─── Provided data
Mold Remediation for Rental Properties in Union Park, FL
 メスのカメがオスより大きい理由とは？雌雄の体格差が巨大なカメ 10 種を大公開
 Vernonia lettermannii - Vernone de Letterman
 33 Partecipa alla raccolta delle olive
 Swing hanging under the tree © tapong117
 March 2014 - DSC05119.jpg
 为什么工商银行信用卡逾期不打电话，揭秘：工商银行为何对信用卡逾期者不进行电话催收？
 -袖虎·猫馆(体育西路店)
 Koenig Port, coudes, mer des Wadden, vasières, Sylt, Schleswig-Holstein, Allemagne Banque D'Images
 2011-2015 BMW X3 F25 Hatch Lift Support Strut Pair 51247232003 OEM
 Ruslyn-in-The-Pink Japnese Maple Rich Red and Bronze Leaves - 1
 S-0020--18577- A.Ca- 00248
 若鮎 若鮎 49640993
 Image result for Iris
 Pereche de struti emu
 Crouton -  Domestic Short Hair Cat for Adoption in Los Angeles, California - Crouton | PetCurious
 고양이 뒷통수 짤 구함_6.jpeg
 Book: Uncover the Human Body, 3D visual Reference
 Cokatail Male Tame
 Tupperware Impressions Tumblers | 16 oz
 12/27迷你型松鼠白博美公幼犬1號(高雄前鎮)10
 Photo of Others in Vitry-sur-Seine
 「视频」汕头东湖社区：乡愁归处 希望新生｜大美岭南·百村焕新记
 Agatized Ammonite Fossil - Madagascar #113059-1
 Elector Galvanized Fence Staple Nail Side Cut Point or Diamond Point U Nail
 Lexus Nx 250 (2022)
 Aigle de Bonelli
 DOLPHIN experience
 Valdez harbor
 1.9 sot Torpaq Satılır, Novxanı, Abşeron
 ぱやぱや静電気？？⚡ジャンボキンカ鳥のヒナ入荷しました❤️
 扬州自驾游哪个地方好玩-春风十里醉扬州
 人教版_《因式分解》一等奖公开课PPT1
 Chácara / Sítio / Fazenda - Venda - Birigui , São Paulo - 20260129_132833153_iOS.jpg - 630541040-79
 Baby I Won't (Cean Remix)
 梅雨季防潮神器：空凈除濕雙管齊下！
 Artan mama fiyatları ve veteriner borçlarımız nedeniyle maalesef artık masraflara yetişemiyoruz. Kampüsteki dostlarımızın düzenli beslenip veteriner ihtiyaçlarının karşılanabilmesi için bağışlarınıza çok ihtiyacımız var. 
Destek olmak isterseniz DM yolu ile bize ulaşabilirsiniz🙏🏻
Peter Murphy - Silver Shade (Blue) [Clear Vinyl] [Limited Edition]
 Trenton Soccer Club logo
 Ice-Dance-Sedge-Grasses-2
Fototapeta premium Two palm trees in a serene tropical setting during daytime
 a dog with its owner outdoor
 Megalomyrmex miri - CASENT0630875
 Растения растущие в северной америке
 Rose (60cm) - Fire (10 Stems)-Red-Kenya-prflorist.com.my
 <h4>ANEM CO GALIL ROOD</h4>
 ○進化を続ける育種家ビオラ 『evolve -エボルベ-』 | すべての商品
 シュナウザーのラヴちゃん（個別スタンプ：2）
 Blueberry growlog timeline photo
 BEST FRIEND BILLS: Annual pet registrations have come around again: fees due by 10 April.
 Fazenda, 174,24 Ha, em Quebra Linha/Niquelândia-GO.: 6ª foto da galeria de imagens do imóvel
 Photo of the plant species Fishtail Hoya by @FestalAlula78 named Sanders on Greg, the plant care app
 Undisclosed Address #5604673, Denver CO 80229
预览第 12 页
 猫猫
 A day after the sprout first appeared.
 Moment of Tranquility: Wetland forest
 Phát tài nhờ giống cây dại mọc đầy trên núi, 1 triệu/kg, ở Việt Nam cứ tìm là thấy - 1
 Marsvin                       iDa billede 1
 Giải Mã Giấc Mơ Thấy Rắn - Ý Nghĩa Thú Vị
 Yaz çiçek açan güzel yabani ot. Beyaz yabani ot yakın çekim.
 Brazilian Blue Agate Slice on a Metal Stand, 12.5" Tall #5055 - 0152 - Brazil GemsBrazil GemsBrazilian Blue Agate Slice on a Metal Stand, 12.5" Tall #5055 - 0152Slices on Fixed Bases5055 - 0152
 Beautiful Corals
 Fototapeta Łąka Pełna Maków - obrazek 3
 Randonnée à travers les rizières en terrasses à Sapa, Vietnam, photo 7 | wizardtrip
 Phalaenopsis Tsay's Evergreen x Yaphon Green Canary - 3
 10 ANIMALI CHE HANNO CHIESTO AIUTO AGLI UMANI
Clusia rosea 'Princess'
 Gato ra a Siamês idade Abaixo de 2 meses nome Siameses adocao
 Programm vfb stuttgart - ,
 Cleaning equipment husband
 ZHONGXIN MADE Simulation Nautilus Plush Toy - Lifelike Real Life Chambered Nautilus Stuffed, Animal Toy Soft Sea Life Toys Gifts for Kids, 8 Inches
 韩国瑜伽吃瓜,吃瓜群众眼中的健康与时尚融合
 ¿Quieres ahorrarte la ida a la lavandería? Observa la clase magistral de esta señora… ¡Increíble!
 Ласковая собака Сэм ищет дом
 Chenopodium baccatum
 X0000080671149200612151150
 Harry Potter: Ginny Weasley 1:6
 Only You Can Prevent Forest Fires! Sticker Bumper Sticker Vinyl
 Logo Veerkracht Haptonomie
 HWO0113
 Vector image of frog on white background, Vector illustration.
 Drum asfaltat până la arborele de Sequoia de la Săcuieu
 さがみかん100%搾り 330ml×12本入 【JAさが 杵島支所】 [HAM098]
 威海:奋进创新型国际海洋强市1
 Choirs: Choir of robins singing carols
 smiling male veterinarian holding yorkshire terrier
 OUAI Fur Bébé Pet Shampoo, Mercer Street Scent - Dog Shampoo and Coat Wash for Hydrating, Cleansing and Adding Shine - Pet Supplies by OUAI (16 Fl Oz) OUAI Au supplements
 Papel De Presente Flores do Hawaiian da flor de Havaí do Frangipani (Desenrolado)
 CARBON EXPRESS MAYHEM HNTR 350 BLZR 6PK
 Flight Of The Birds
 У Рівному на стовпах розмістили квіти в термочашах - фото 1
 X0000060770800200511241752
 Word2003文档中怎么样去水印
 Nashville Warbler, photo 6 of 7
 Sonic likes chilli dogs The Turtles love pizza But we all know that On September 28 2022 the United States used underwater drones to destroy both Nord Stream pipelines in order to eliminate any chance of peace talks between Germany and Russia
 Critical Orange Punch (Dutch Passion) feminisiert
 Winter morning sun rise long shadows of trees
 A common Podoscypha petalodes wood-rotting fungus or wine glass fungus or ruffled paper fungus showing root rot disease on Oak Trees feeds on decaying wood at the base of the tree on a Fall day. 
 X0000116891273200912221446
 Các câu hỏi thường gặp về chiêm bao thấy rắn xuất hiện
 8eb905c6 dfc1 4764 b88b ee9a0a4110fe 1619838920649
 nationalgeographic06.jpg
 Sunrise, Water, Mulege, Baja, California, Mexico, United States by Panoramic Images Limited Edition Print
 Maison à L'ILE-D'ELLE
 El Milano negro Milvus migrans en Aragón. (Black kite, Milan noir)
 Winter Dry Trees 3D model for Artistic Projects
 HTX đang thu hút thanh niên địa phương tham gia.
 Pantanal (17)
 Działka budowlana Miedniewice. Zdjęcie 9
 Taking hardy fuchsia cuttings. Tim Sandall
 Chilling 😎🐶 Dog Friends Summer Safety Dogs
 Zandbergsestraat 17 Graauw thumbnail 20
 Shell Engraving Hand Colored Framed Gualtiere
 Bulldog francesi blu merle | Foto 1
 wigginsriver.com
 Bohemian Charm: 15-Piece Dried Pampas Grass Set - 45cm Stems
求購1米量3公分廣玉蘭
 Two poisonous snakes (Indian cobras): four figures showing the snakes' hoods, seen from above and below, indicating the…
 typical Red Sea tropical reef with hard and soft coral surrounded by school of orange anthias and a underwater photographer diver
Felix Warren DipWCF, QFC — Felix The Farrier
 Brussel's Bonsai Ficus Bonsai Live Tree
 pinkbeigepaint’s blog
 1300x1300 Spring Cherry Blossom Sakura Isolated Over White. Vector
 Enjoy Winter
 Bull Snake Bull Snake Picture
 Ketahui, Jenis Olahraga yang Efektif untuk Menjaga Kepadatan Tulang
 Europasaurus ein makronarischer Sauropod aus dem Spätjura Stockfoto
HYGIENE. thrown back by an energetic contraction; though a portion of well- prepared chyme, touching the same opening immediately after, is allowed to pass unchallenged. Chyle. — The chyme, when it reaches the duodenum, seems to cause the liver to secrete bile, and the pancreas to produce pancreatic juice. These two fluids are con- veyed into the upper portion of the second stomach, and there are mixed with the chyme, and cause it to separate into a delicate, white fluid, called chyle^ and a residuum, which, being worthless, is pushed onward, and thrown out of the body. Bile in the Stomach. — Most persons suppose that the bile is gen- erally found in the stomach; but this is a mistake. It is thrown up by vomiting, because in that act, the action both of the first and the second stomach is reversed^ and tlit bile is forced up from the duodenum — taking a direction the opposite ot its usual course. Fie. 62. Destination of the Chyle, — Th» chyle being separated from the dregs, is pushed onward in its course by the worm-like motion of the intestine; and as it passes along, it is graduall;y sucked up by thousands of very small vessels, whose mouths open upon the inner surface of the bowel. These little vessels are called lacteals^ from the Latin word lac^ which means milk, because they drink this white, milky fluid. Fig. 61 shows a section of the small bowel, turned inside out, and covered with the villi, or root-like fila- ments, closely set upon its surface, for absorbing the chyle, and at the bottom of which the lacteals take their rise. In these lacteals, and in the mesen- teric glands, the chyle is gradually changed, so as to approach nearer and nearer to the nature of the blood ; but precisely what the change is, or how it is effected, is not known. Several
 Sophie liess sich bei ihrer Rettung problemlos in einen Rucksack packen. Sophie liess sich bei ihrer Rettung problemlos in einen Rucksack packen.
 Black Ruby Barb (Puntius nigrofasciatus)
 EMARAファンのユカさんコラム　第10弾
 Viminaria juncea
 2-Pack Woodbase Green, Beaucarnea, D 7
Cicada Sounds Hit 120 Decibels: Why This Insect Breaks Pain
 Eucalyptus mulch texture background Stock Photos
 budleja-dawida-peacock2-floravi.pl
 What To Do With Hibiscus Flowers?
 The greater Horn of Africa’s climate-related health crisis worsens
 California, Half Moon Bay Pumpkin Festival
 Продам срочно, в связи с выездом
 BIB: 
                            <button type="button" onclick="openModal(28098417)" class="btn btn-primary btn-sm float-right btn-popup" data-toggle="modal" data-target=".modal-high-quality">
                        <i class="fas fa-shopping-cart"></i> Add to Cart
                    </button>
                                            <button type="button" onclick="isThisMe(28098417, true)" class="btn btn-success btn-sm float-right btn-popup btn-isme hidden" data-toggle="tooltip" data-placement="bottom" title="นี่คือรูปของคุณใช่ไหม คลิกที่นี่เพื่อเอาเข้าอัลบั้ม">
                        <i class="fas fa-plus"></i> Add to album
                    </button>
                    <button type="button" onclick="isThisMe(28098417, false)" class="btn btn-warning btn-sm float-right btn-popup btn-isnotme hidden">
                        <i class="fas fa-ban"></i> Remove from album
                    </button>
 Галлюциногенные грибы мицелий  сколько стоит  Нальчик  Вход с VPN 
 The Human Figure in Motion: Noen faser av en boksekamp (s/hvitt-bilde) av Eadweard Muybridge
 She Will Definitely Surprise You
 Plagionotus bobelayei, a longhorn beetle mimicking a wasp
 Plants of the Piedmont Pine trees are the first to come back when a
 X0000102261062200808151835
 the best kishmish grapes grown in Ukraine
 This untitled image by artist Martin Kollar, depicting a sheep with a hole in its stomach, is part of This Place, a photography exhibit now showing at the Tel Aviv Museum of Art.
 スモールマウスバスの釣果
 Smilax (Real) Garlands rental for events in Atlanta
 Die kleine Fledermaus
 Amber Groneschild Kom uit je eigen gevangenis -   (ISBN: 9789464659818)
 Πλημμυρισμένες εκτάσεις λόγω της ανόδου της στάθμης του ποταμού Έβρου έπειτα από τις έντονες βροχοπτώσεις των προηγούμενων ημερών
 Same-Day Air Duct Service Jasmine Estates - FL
──────
▸ Assignment:
Reproduce, exactly as they stand in the data above, the lines from the one that holds "CARBON EXPRESS MAYHEM HNTR 350 BLZR 6PK" to the one that holds "Europasaurus ein makronarischer", inclusive.

▸ Answer to the exercise:
 CARBON EXPRESS MAYHEM HNTR 350 BLZR 6PK
 Flight Of The Birds
 У Рівному на стовпах розмістили квіти в термочашах - фото 1
 X0000060770800200511241752
 Word2003文档中怎么样去水印
 Nashville Warbler, photo 6 of 7
 Sonic likes chilli dogs The Turtles love pizza But we all know that On September 28 2022 the United States used underwater drones to destroy both Nord Stream pipelines in order to eliminate any chance of peace talks between Germany and Russia
 Critical Orange Punch (Dutch Passion) feminisiert
 Winter morning sun rise long shadows of trees
 A common Podoscypha petalodes wood-rotting fungus or wine glass fungus or ruffled paper fungus showing root rot disease on Oak Trees feeds on decaying wood at the base of the tree on a Fall day. 
 X0000116891273200912221446
 Các câu hỏi thường gặp về chiêm bao thấy rắn xuất hiện
 8eb905c6 dfc1 4764 b88b ee9a0a4110fe 1619838920649
 nationalgeographic06.jpg
 Sunrise, Water, Mulege, Baja, California, Mexico, United States by Panoramic Images Limited Edition Print
 Maison à L'ILE-D'ELLE
 El Milano negro Milvus migrans en Aragón. (Black kite, Milan noir)
 Winter Dry Trees 3D model for Artistic Projects
 HTX đang thu hút thanh niên địa phương tham gia.
 Pantanal (17)
 Działka budowlana Miedniewice. Zdjęcie 9
 Taking hardy fuchsia cuttings. Tim Sandall
 Chilling 😎🐶 Dog Friends Summer Safety Dogs
 Zandbergsestraat 17 Graauw thumbnail 20
 Shell Engraving Hand Colored Framed Gualtiere
 Bulldog francesi blu merle | Foto 1
 wigginsriver.com
 Bohemian Charm: 15-Piece Dried Pampas Grass Set - 45cm Stems
求購1米量3公分廣玉蘭
 Two poisonous snakes (Indian cobras): four figures showing the snakes' hoods, seen from above and below, indicating the…
 typical Red Sea tropical reef with hard and soft coral surrounded by school of orange anthias and a underwater photographer diver
Felix Warren DipWCF, QFC — Felix The Farrier
 Brussel's Bonsai Ficus Bonsai Live Tree
 pinkbeigepaint’s blog
 1300x1300 Spring Cherry Blossom Sakura Isolated Over White. Vector
 Enjoy Winter
 Bull Snake Bull Snake Picture
 Ketahui, Jenis Olahraga yang Efektif untuk Menjaga Kepadatan Tulang
 Europasaurus ein makronarischer Sauropod aus dem Spätjura Stockfoto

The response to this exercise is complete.